Evidence Lower Bound (ELBO)

In Bayes’ rule, evidence is another name for the marginal likelihood of the data. It is called as “evidence”, because it measures how well the data supports the model.

\[p(z|x) = \frac{p(x|z)p(z)}{\color{red}{p(x)}}\]

where \(p(x) = \int p(x,z) dz = \int p(x\vert z)p(z)dz\).

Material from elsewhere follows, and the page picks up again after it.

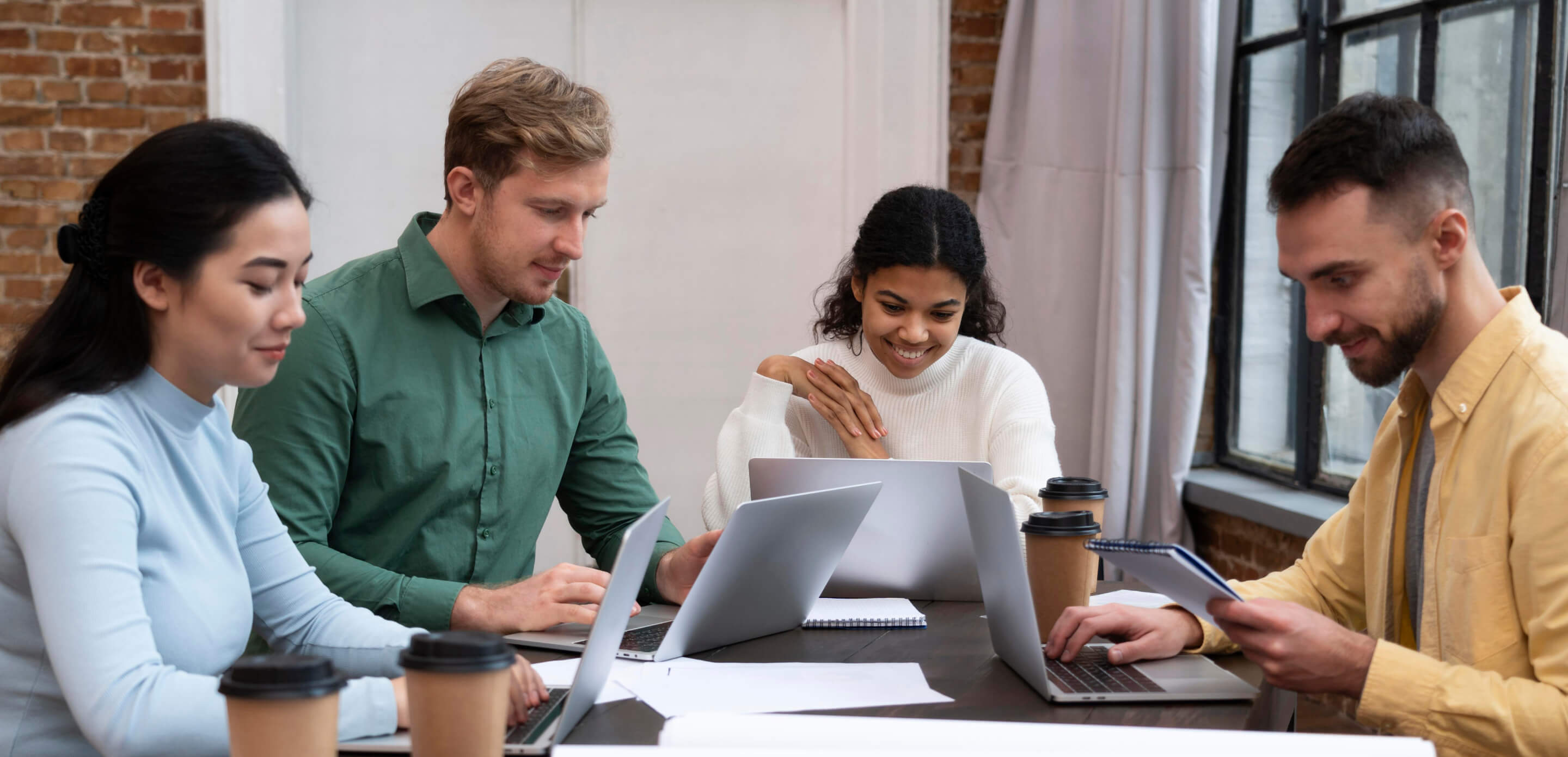 a group of people sitting around a table looking at a laptop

The ultimate goal of many likelihood-based generative models is to maximize this. However, this marginal likelihood is most of the time intractable due to the integral over all possible latent variable \(z\). Therefore, ELBO, which is a tractable bound, comes as a useful tool in designing optimizers. Since we cannot maximize \(\text{log}p_\phi(x)\) directly, we instead maximize it’s lower bound.

\[\text{log}p_\phi(x) \geq L_{\text{ELBO}}(\theta, \phi; x)\]

I wrote the above formula for VAEs, as \(\theta\) is an encoder parameter, \(\phi\) is a decoder parameter. In case of DDPMs, encoder is fixed, so \(\theta\) doesn’t exist and \(\phi\) is the learnable decoder (denoiser) parameter.

Deriving ELBO

Deriving the formula for ELBO is actually quite simple. I do it here for VAEs. Let \(q_\theta(z|x)\) be an encoder of a VAE, which is an approximation of \(p_\phi(z|x)\). For DDPMs, this is just replaced by the known encoder \(p(x_{i-1}|x_i)\).

First, we rewrite the marginal with a joint distribution and use \(q_\theta\).

\[\text{log}p_\phi(x) = \text{log} \int p_\phi(x,z) dz = log \int q_\theta(z|x) \frac{p_\phi(x,z)}{q_\theta(z|x)}dz \\ = \text{log} \mathbb{E}_{z \sim q_\theta(z|x)}[\frac{p_\phi(x,z)}{q_\theta(z|x)}]\]

Since log is concave function, the Jensen’s inequality tells us that \(\text{log} \mathbb{E}[Z] \geq \mathbb{E}[\text{log}Z]\) (think about drawing a straight line between two points in a concave function):

\[\text{log} \mathbb{E}_{z \sim q_\theta(z|x)}[\frac{p_\phi(x,z)}{q_\theta(z|x)}] \geq \mathbb{E}_{z \sim q_\theta(z|x)}[\text{log} \frac{p_\phi(x,z)}{q_\theta(z|x)}]\]

Then, just expanding the last equation gives the ELBO:

\[L_{ELBO} = \mathbb{E}_{z \sim q_\theta(z|x)}[\text{log}p_\phi(x|z)] - D_{KL}(q_\theta(z|x) || p(z))\]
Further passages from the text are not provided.